=== Your instructions ===
Go to the line containing "3 Zimmer Apartment" in the records below and print it and every following line exactly, on through the line containing "Reisende sowie auch", then stop.

=== Data shown ===
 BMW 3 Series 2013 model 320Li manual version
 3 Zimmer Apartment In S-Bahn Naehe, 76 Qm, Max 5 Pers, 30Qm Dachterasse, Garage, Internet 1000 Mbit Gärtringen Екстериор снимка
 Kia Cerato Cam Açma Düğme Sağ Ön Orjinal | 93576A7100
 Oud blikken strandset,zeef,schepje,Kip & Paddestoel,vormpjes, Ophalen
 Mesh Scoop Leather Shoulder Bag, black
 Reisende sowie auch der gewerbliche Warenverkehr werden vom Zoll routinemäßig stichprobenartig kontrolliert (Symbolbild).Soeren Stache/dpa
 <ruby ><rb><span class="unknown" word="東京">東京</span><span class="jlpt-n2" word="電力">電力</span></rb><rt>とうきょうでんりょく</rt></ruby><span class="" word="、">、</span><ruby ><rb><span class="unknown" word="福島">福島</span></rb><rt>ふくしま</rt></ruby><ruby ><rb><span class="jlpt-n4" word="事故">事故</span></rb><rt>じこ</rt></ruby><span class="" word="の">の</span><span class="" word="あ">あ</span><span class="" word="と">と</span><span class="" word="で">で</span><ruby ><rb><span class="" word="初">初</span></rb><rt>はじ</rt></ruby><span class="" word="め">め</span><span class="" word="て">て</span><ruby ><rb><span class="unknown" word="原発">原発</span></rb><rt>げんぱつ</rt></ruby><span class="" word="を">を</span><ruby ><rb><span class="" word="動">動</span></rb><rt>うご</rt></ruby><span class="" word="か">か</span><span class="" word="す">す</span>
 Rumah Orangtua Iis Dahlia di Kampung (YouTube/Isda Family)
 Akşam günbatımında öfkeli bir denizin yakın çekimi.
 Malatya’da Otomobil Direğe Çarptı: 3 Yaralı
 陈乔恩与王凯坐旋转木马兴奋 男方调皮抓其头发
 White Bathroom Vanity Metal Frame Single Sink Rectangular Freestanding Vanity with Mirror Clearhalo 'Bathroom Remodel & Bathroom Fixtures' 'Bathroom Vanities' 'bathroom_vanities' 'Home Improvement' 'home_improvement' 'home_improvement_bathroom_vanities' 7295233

=== Written solution ===
 3 Zimmer Apartment In S-Bahn Naehe, 76 Qm, Max 5 Pers, 30Qm Dachterasse, Garage, Internet 1000 Mbit Gärtringen Екстериор снимка
 Kia Cerato Cam Açma Düğme Sağ Ön Orjinal | 93576A7100
 Oud blikken strandset,zeef,schepje,Kip & Paddestoel,vormpjes, Ophalen
 Mesh Scoop Leather Shoulder Bag, black
 Reisende sowie auch der gewerbliche Warenverkehr werden vom Zoll routinemäßig stichprobenartig kontrolliert (Symbolbild).Soeren Stache/dpa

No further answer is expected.